キャプテンシートのひじ掛けの振動も気になる
パワーユニット別のウィークポイントでは、まずベースグレードの2.5リッターエンジンの場合、さすがに2t超えのボディには少々力不足の感あり。巡行時にはそれほど不満はないものの、発進時の加速は穏やかで、エンジンを回すシーンではノイズもそれなりに高まってしまう。
一方、3.5リッターV6エンジンはさすがに308馬力を誇るだけあって、アルファードのなかでもっとも強力、豪放な加速力を示すものの、WLTCモード燃費9.9km/Lと、ハイブリッドの14.8km/Lに比べ、燃費性能は決していいとは言えず、なおかつハイオクガソリン仕様となってしまうのだ。経費で落とせるユーザーはともかく、ファミリーミニバンとして使うには、税金を含め、ランニングコスト的に辛くなってしまうことになる。よって、パフォーマンスと燃費性能、AC100V/1500Wコンセントの用意などを総合すると、ベストグレードは2.5リッターエンジン+2モーターのハイブリッドということになる(価格は別にして)。ただし、ノア&ヴォクシーとは違い、ハイブリッド車はE-fourと呼ばれる電気式4WDしか選べない世代となる。

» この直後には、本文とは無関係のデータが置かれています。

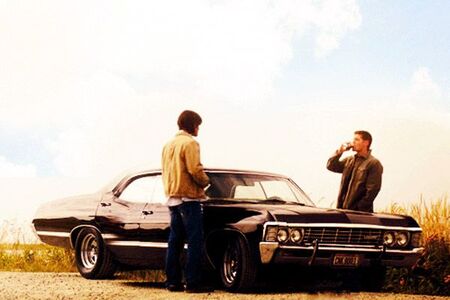Sam and Dean Winchester with their beloved impala.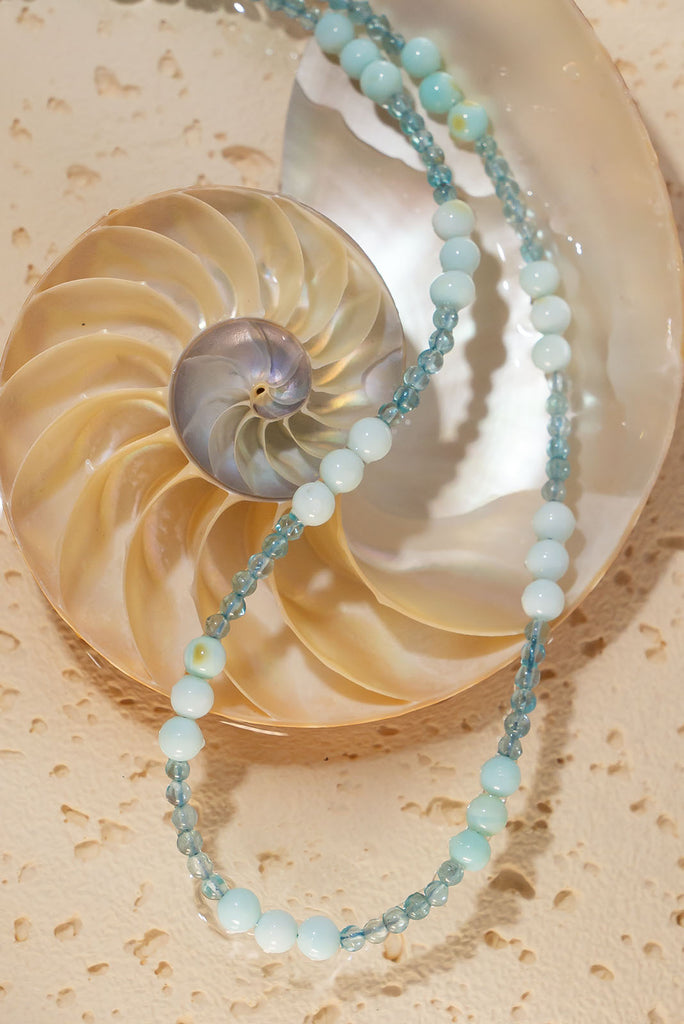 Drift away to a tropical island with our soft sea colour Necklace Gemstone Reef Bubbles.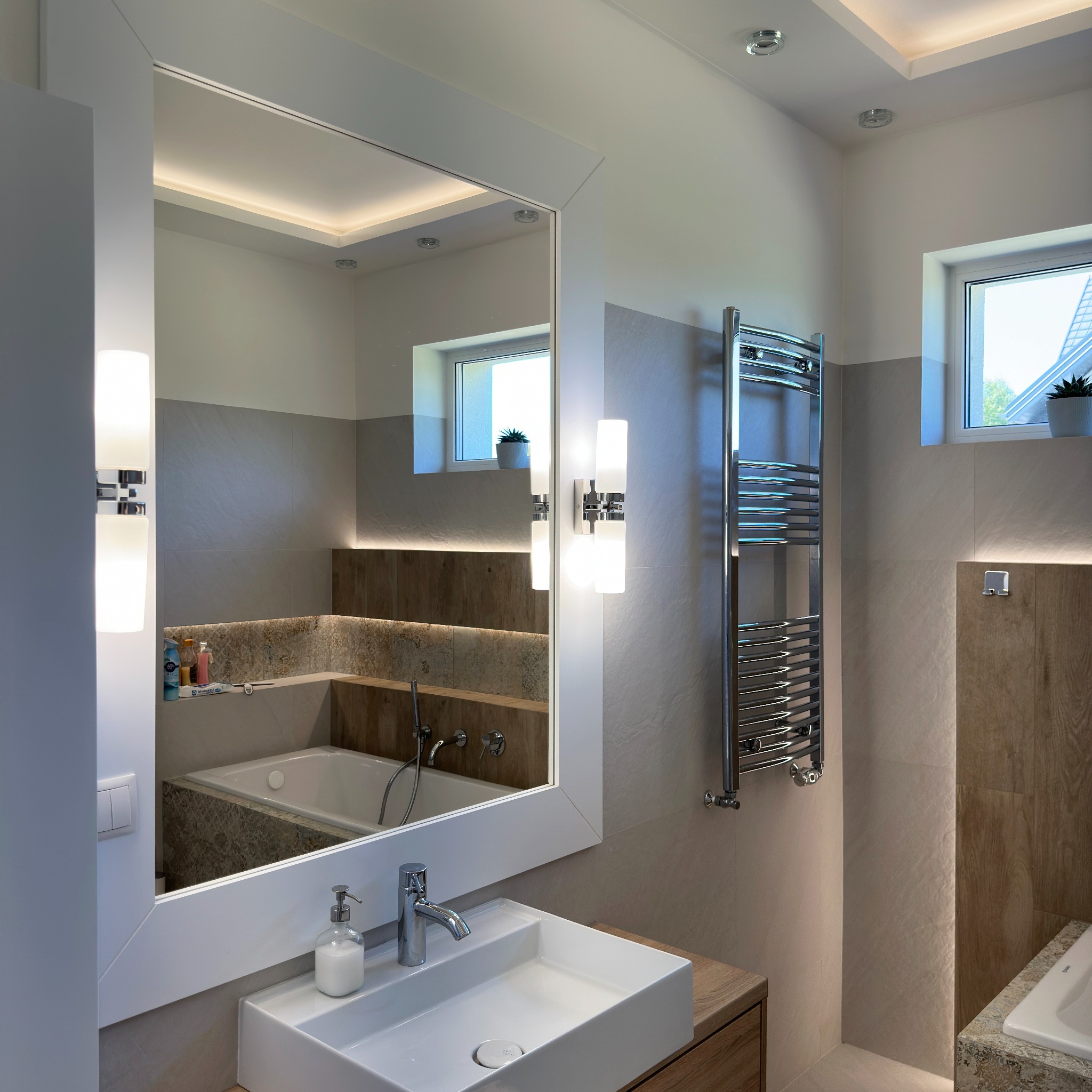 Nowoczesna łazienka z białymi płytkami, dużym lustrem z oświetleniem LED, grzejnikiem drabinkowym i umywalką nablatową, widoczna wanna w tle.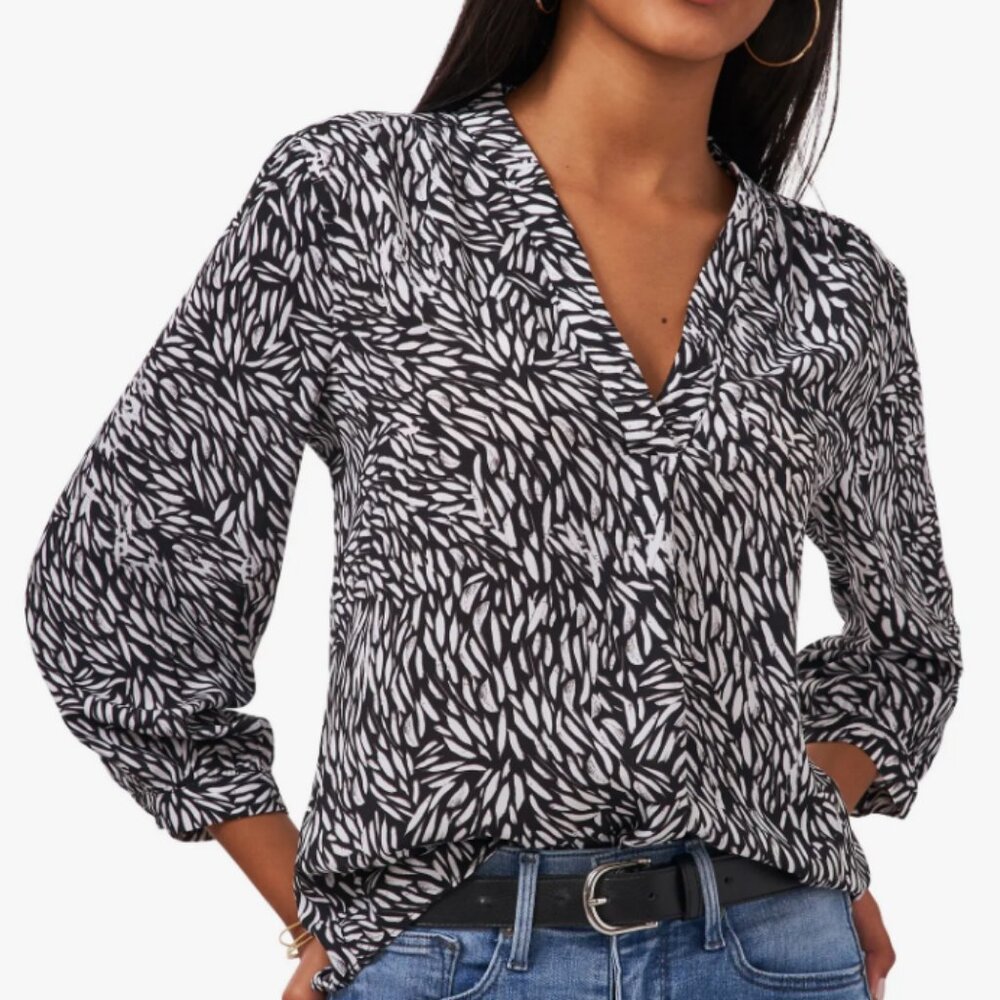 Versatile and stylish blouse easily transitions from work to play.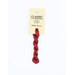 A skein of red embroidery floss, twisted and bundled, with a cream and black label featuring the brand name and color information.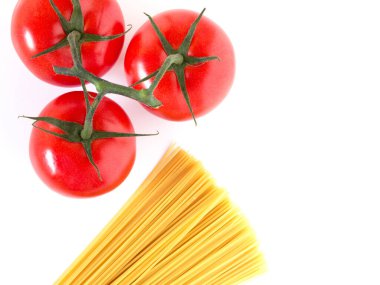 Beyaz arka planda çiğ spagetti ve domatesli makarna hazırlıyorum. Üst Manzara. Boşluğu kopyala.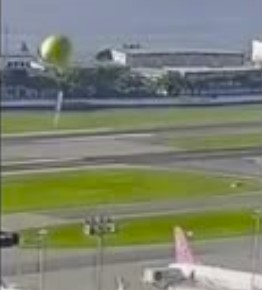 Firework Balloon Lands on Airplane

それに加え、マイナーチェンジのたびにグレードアップされてきた先進運転支援機能のトヨタセーフティセンスも、ノア&ヴォクシーなどと比べると一世代前のバージョンで、日々の運転でも助かるプロアクティブドライビングアシスト(PDA)、トヨタチームメイトなどは未搭載なのである。
最後に指摘したいのは、特等席となる2列目キャプテンシートの上級バージョンの場合、ひじ掛けの振動が消し去れていないことが挙げられる。デビュー当時から筆者が開発陣に指摘してきたことだが、豪華すぎるだけにシートが重く、重心が高く、ひじ掛けに蓋がついていることもあって、路面によってびりびりとした振動が発生することがある。ここは新型でぜひ改善してほしいポイントだと思っている。
とはいえ、現行アルファードに大満足して乗っているユーザーにとっては、そんなウィークポイントを上まわる魅力を感じているはずで、VIPや芸能人の送迎車として大活躍し、一般ユーザーからも大きな支持を得ているのが現実だ。そして新型がデザイン、居住性、走行性能、先進運転支援機能などに至るさらなる魅力を持って登場することは間違いなく、かつてのクラウンがそうであったように、歴代を乗り継ぐアルファードのロイヤルカスタマーがこの先、急増することは間違いないと思える。